Acetylcorynoline impairs the maturation of mouse bone marrow-derived dendritic cells via suppression of IκB kinase and mitogen-activated protein kinase activities

• Published in: PloS one Vol. 8; no. 3; p. e58398
• Main Authors: Fu, Ru-Huei, Wang, Yu-Chi, Liu, Shih-Ping, Chu, Ching-Liang, Tsai, Rong-Tzong, Ho, Yu-Chen, Chang, Wen-Lin, Chiu, Shao-Chih, Harn, Horng-Jyh, Shyu, Woei-Cherng, Lin, Shinn-Zong
• Format: Journal Article
• Language: English
• Published: United States Public Library of Science 05.03.2013; Public Library of Science (PLoS)
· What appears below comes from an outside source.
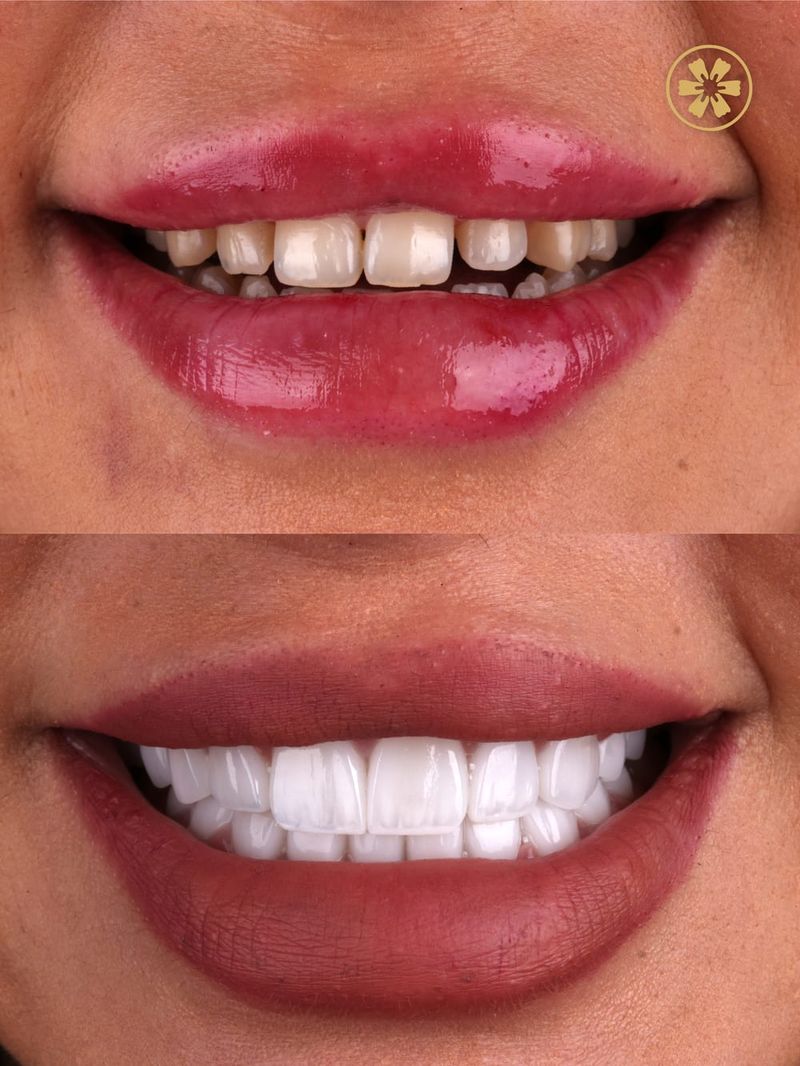 Before and after smile photo of a patient treated at Creative Arts Dubai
• Subjects: Activation; Animals; Antigens; Apoptosis; Autoimmune diseases; Berberine Alkaloids - pharmacology; Biology; Blockage; Bone marrow; Bone Marrow Cells - cytology; Bone Marrow Cells - drug effects; CD40 antigen; CD86 antigen; Cell Membrane - metabolism; Cell Movement; Cell proliferation; Cell Survival; Chemokines; Chinese medicine; Corydalis - metabolism; Cytokines; Cytotoxicity; Dendritic cells; Dendritic Cells - cytology; Dendritic Cells - drug effects; Dendritic Cells - metabolism; Endocytosis; Flow cytometry; Gene expression; Hospitals; Hypersensitivity; Hypersensitivity (delayed); I-kappa B Kinase - metabolism; Immune system; Immunology; Immunomodulation; Immunosuppressive agents; Inflammation; Interleukin 6; Interleukin-12 - metabolism; Interleukin-6 - metabolism; Kinases; Lipopolysaccharides; Lipopolysaccharides - pharmacology; Lymphocytes T; Major histocompatibility complex; MAP kinase; Maturation; Medicine; Mice; Mitogen-Activated Protein Kinases - metabolism; Modulators; Pathogens; Pharmacology; Plant Extracts - pharmacology; Protein kinase; Proteins; Signal transduction; T cell receptors; Toxicity; Tumor Necrosis Factor-alpha - metabolism; Tumor necrosis factor-TNF; Tumor necrosis factor-α; Taiwan
• ISSN: 1932-6203; 1932-6203
• DOI: 10.1371/journal.pone.0058398

Dendritic cells (DCs) are major modulators in the immune system. One active field of research is the manipulation of DCs as pharmacological targets to screen novel biological modifiers for the treatment of inflammatory and autoimmune disorders. Acetylcorynoline is the major alkaloid component derived from Corydalis bungeana herbs. We assessed the capability of acetylcorynoline to regulate lipopolysaccharide (LPS)-stimulated activation of mouse bone marrow-derived DCs. Our experimental data showed that treatment with up to 20 µM acetylcorynoline does not cause cytotoxicity in cells. Acetylcorynoline significantly inhibited the secretion of tumor necrosis factor-α, interleukin-6, and interleukin-12p70 by LPS-stimulated DCs. The expression of LPS-induced major histocompatibility complex class II, CD40, and CD86 on DCs was also decreased by acetylcorynoline, and the endocytic capacity of LPS-stimulated DCs was restored by acetylcorynoline. In addition, LPS-stimulated DC-elicited allogeneic T-cell proliferation was blocked by acetylcorynoline, and the migratory ability of LPS-stimulated DCs was reduced by acetylcorynoline. Moreover, acetylcorynoline significantly inhibits LPS-induced activation of IκB kinase and mitogen-activated protein kinase. Importantly, administration of acetylcorynoline significantly attenuates 2,4-dinitro-1-fluorobenzene-induced delayed-type hypersensitivity. Acetylcorynoline may be one of the potent immunosuppressive agents through the blockage of DC maturation and function.